◆ Aim of the exercise: Transcribe all the data below exactly, leaving its pictures out.

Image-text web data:
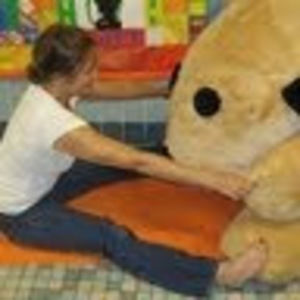 Meet your Posher, Molly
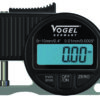 Diktemeter 0-10mm Pocket size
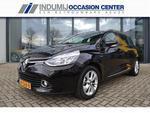 Renault Clio Estate TCe 90 Limited    Airco   Bluetooth   Navi   PDC   Lichtmetaal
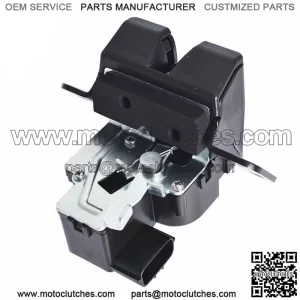 Rear Trunk Tailgate Latch Lid Lock Actuator fit for Kia Sorento 11-13 Soul 10-13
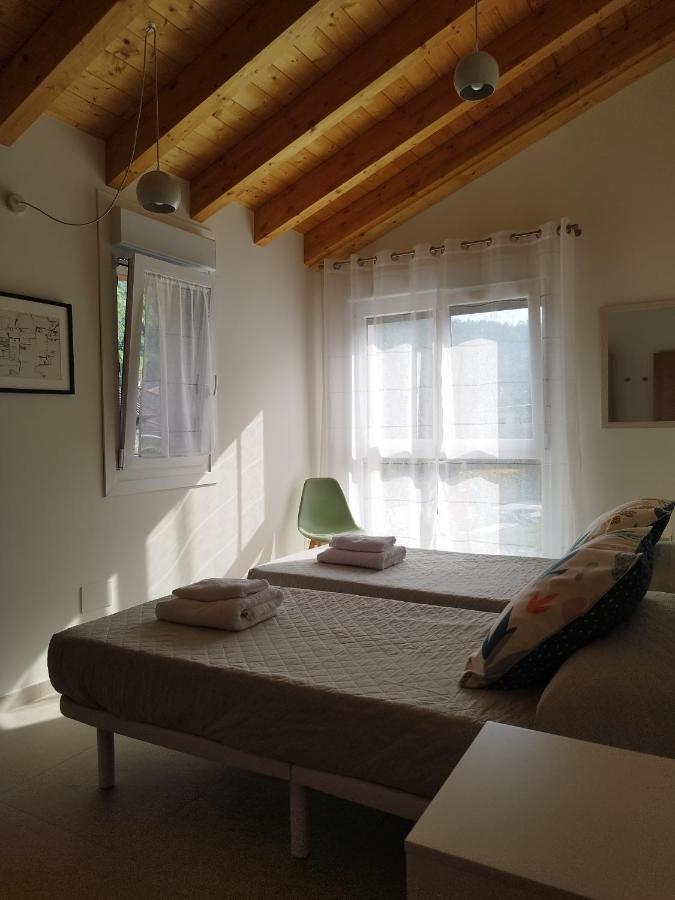 Casa Anida En Hualle Valdaliga Екстериор снимка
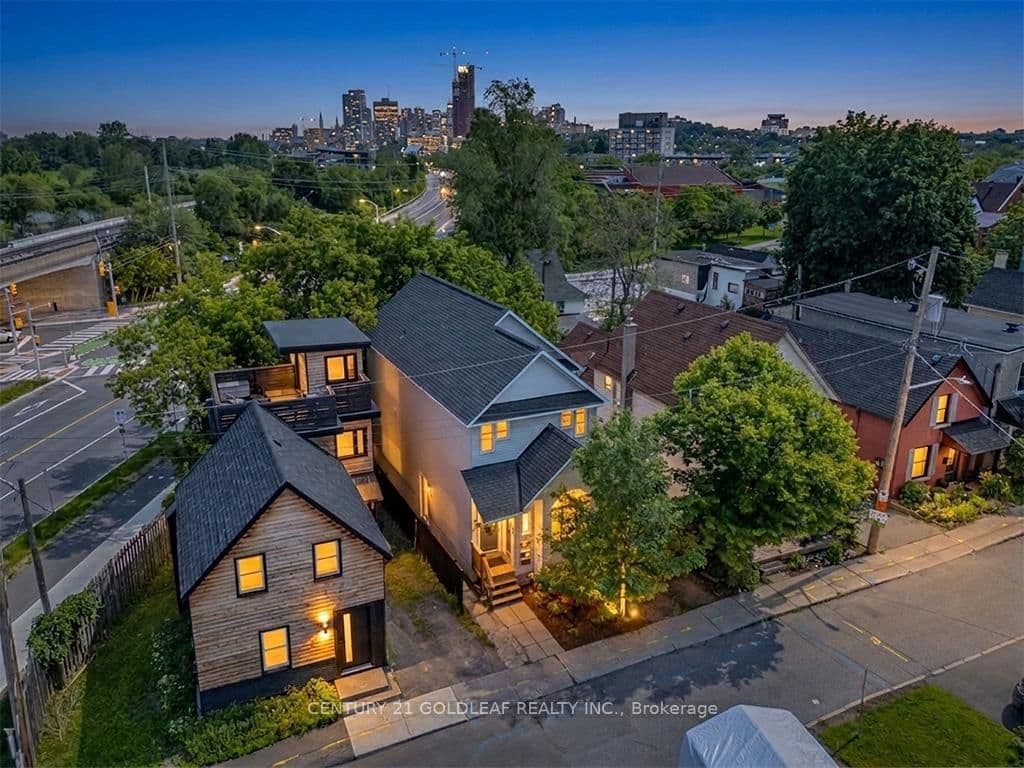 3 Hilda Street, Ottawa, ON — photo 3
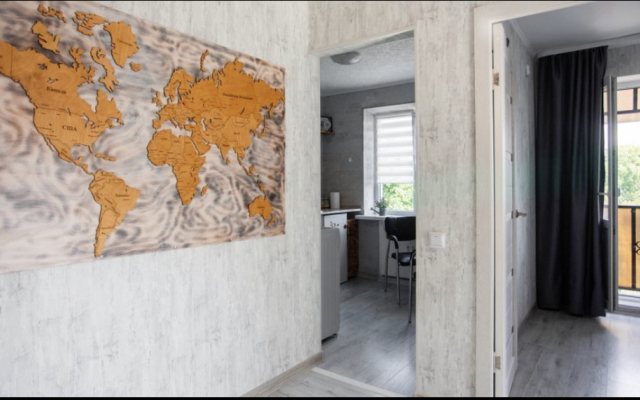 Na Sommera 56 Apartments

◆ Response area:
 Meet your Posher, Molly
 Diktemeter 0-10mm Pocket size
 Renault Clio Estate TCe 90 Limited    Airco   Bluetooth   Navi   PDC   Lichtmetaal
 Rear Trunk Tailgate Latch Lid Lock Actuator fit for Kia Sorento 11-13 Soul 10-13
 Casa Anida En Hualle Valdaliga Екстериор снимка
 3 Hilda Street, Ottawa, ON — photo 3
 Na Sommera 56 Apartments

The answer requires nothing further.